I'm trying to apply the Rootmusic algorithm, as found in Matlab, to
detect sinusoidal components in a blood velocity signal.

I've synthesized a compound sinusoidal test signal that consists of 6
sinusoids, (12 complex exponentials). The signal's positive frequency
components
are given below and its 219 samples long.

Frequency components
0.91, 1.82, 2.73, 3.64, 4.55, 5.46 Hz.
Respective Amplitudes
5.469722684, 2.649544942, 2.960454796, 2.418314605, 1.480919941,
1.86812776
Respective Phase Angles
-2.080504298, -2.743620721, 2.604208101, 1.366778808,
0.610463199, -0.158876205,  2.080504298

The rootmusic function is used as below.

      [X,R] = corrmtx(input_signal,80,'covariance');
      [f,pow] = rootmusic(X,12,200);

This code returns the correct frequency locations of the complex
exponentials but the Powers do not match. Some of the Powers are
negative which seems makes no sense.

f = [ 5.5045; -5.5045; 0.91516; -0.91516; 4.5865; -4.5865; 3.6706;
-3.6706;
2.7529; -2.7529; 1.8317; -1.8317]
pow = [-30.605; 40.492; 120.59; -128.92; -10.432; 98.776]

The algorithm works well through calculating eigenvalues, eigenvectors
and then rooting the polynomial to find the signal component
frequencies but falls over solving linear equations for the powers.
Does anyone know of a problem in the algorithm or in the Matlab
implementation that could explain this?

The algorithm is very sensitive to changing the size of the covariance
matrix. Can anyone shed light on why this is so? The amplitudes of the
powers can jump from 2 digits to 5.

I've followed loads of music/rootmusic threads, hoping for ideas but
they don't seem to go anywhere. Is there a fundamental problem with
the algorithm? The concept of fitting exponentials to a signal seems
like it should be straight forward but then I'm new to this game.

Ta!

______________________________
New DSP Code Snippets Section now Live. Learn more about the reward program for contributors here.
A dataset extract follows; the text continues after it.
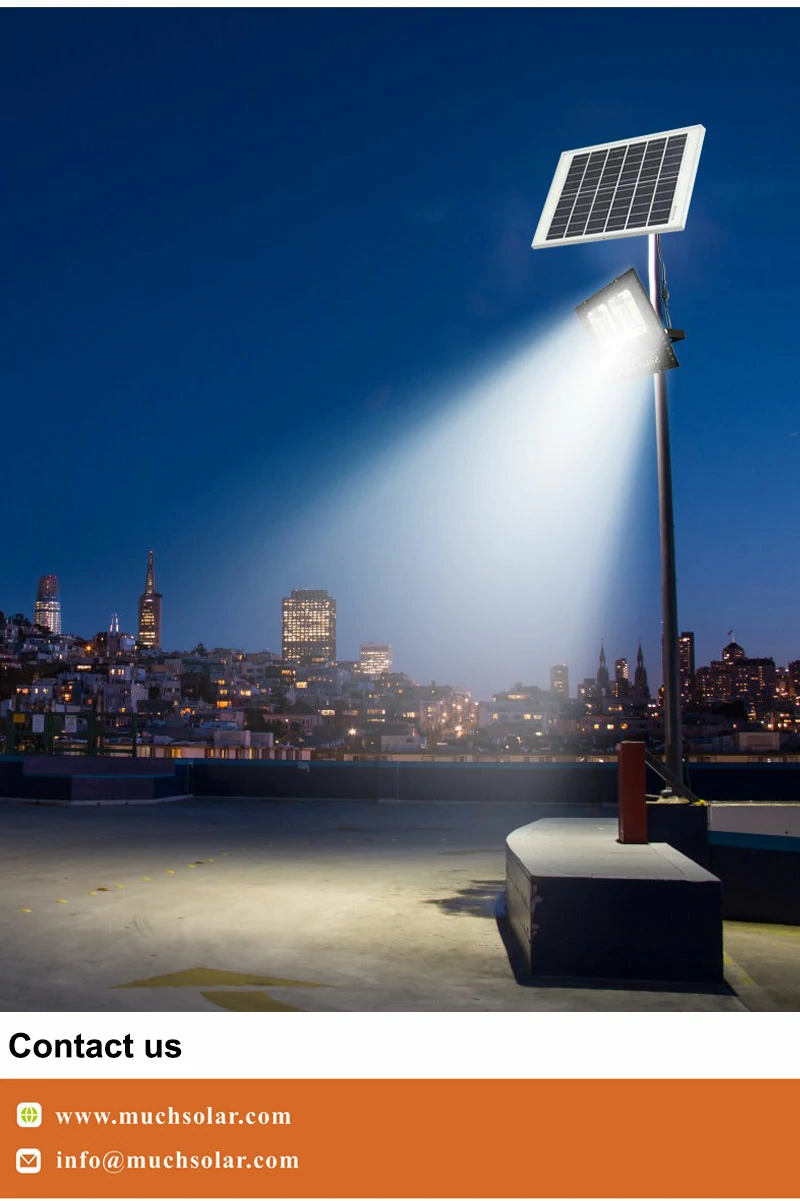 400w solar flood light 16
Re: Rootmusic - Rune Allnor - 2003-12-10 18:59:00

d...@hotmail.com (Derrick Rea) wrote in message
news:<5...@posting.google.com>...
> Hi All,
> 
> I'm trying to apply the Rootmusic algorithm, as found in Matlab, to
> detect sinusoidal components in a blood velocity signal.
> 
> I've synthesized a compound sinusoidal test signal that consists of 6
> sinusoids, (12 complex exponentials). The signal's positive frequency
> components
> are given below and its 219 samples long.
> 
> Frequency components
> 0.91, 1.82, 2.73, 3.64, 4.55, 5.46 Hz.
> Respective Amplitudes
> 5.469722684, 2.649544942, 2.960454796, 2.418314605, 1.480919941,
> 1.86812776
> Respective Phase Angles
> -2.080504298, -2.743620721, 2.604208101, 1.366778808,
> 0.610463199, -0.158876205,  2.080504298
> 
> The rootmusic function is used as below.
> 
>       [X,R] = corrmtx(input_signal,80,'covariance');
>       [f,pow] = rootmusic(X,12,200);
> 
> This code returns the correct frequency locations of the complex
> exponentials but the Powers do not match. Some of the Powers are
> negative which seems makes no sense.
> 
> f = [ 5.5045; -5.5045; 0.91516; -0.91516; 4.5865; -4.5865; 3.6706;
> -3.6706;
> 2.7529; -2.7529; 1.8317; -1.8317]
> pow = [-30.605; 40.492; 120.59; -128.92; -10.432; 98.776]
> 
> The algorithm works well through calculating eigenvalues, eigenvectors
> and then rooting the polynomial to find the signal component
> frequencies but falls over solving linear equations for the powers.
> Does anyone know of a problem in the algorithm or in the Matlab
> implementation that could explain this?
>
> The algorithm is very sensitive to changing the size of the covariance
> matrix. Can anyone shed light on why this is so? The amplitudes of the
> powers can jump from 2 digits to 5.
>
> I've followed loads of music/rootmusic threads, hoping for ideas but
> they don't seem to go anywhere. Is there a fundamental problem with
> the algorithm? The concept of fitting exponentials to a signal seems
> like it should be straight forward but then I'm new to this game.
> 
> Ta!

Well, MUSIC is, for starters, a frequency estimator. No MUSIC algorithm 
I'm aware of claim to provide signal power as output (but that doesn't 
mean that people who implement the algorithms do not make such claims!). 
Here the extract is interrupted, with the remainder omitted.